Persécution

A voir samedi 8 décembre 2012 à 20h50 sur Arte ⎥

Depuis la mort dramatique de son alter ego dramaturge, Bernard-Marie Koltès (en 1989, du sida), dont il avait monté quatre textes durant sa période exceptionnelle du Théâtre des Amandiers de Nanterre (1982-1990), Patrice Chéreau se partage entre la scène et l’écran.

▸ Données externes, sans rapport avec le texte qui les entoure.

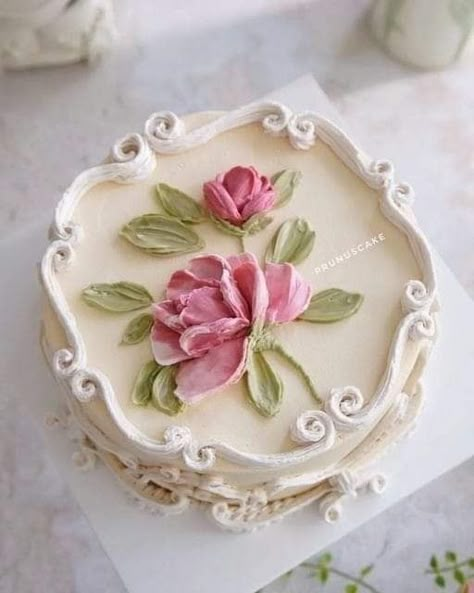 Green Cake With Flowers, Vintage Cake Ideas, White Cake With Flowers, Pink Cake Ideas, Cake Decorating Roses, Pink Cake Birthday, Cake With Pink Flowers, Gökkuşaği Pasta, Birthday Cake Easy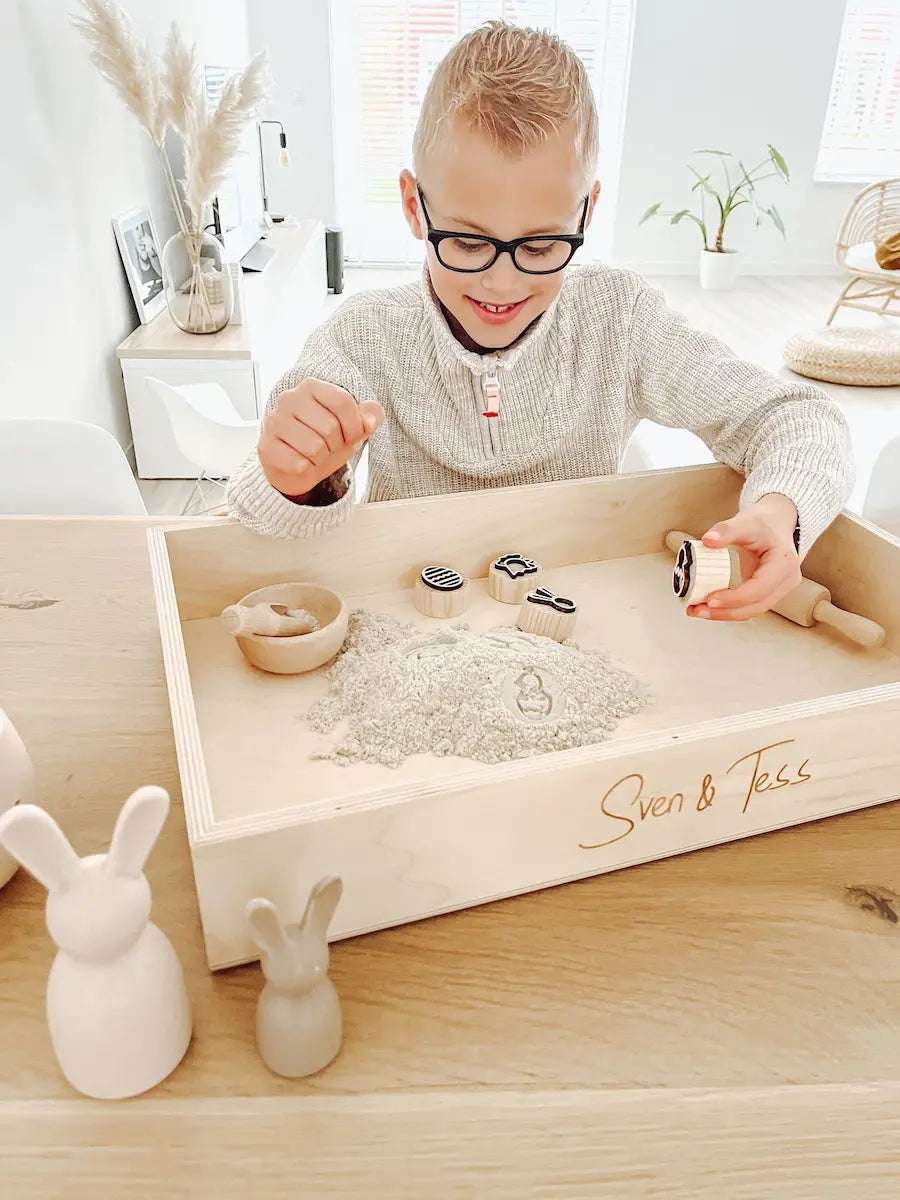 Holzspielkiste mit Deckel Sand und Osterstempeln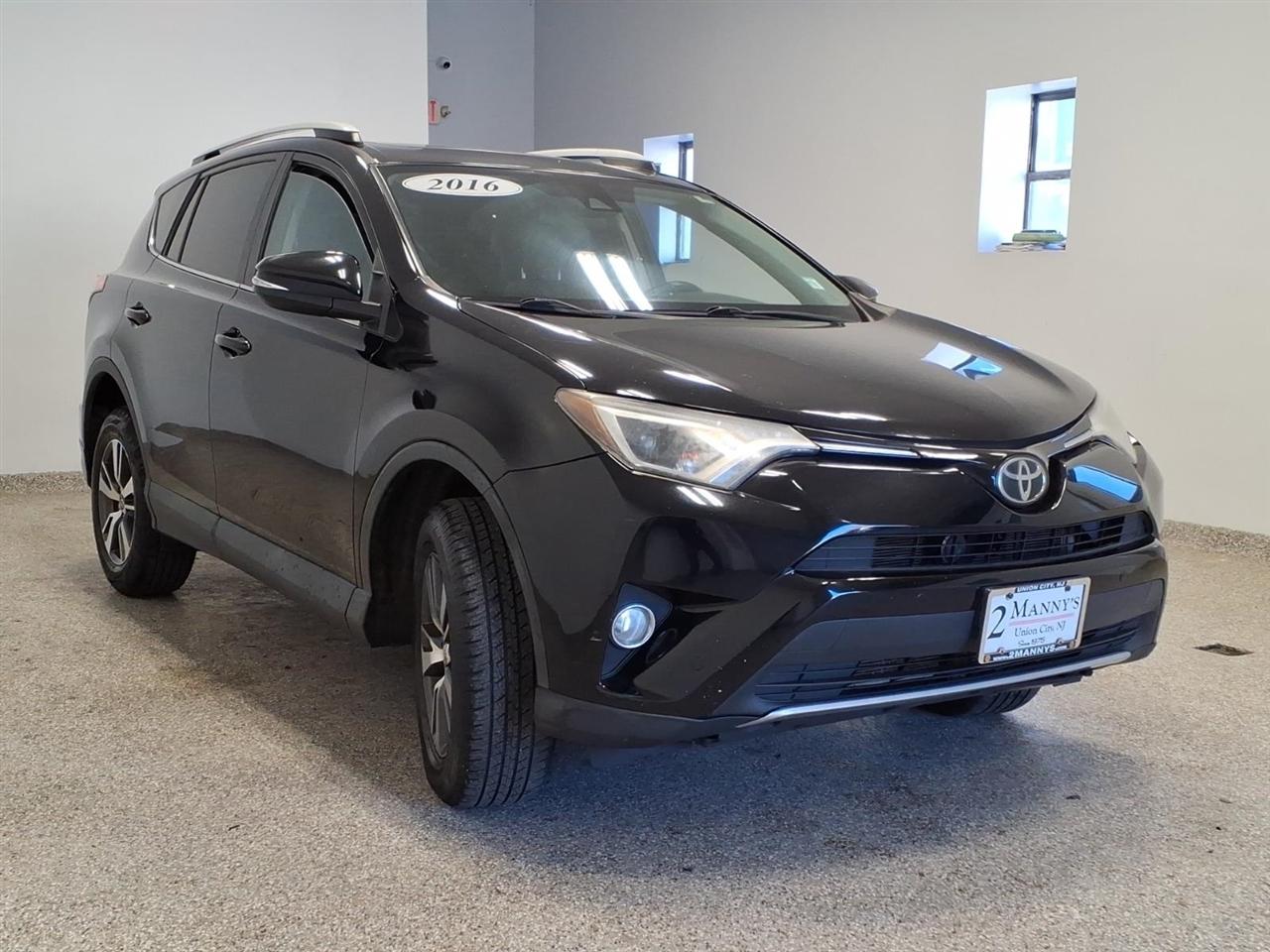 Toyota RAV4 AWD 4dr XLE (Natl) 2016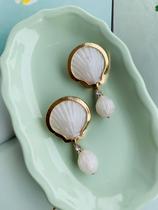 Brincos em resina concha colorida folheado a Ouro Verão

De fait, le réalisateur de «La Chair de l’orchidée» (son premier film tourné en 1975 d’après James Hadley Chase) explore deux champs cinématographiques: l’un est choral, polyphonique, sujet à grandes fresques qui racontent les aléas du projet collectif, les incertitudes de l’être-ensemble («Judith Therpauve», «Hôtel de France», «La reine Margot», «Ceux qui m’aiment prendront le train»). Le second participe de l’intime, de l’intériorité, déclinant sur le mode de la rencontre le phénomène de l’attraction, du désir («L’homme blessé», «Son frère», «Intimité», «Gabrielle»).

De toute évidence, «Persécution» (2009) participe de cette seconde veine. Dans une rame de métro bondée, une femme qui fait la manche gifle subitement une voyageuse qui a eu le malheur de soutenir son regard. Témoin de cette scène, Daniel (Romain Duris) est à l’image de cette explosion de violence : agressif, colérique, brutal, imprévisible, en voulant au monde entier!

Travaillant au noir, Daniel rénove des appartements. Dans l’intimité, il veut aimer sans concession. Sonia (Charlotte Gainsbourg) en souffre, d’autant que son compagnon se dit persécuté par un inconnu (Jean-Hugues Anglade) qui le suit partout, s’immisçant sans cesse dans sa vie privée… Avec une crudité dénuée de toute complaisance, Chéreau décrit dans son dixième long-métrage un sentiment qui lui est familier: «Une façon d’aimer que je connais bien, quelque chose que je déteste en moi…» Un film âpre qui brille tel un diamant noir!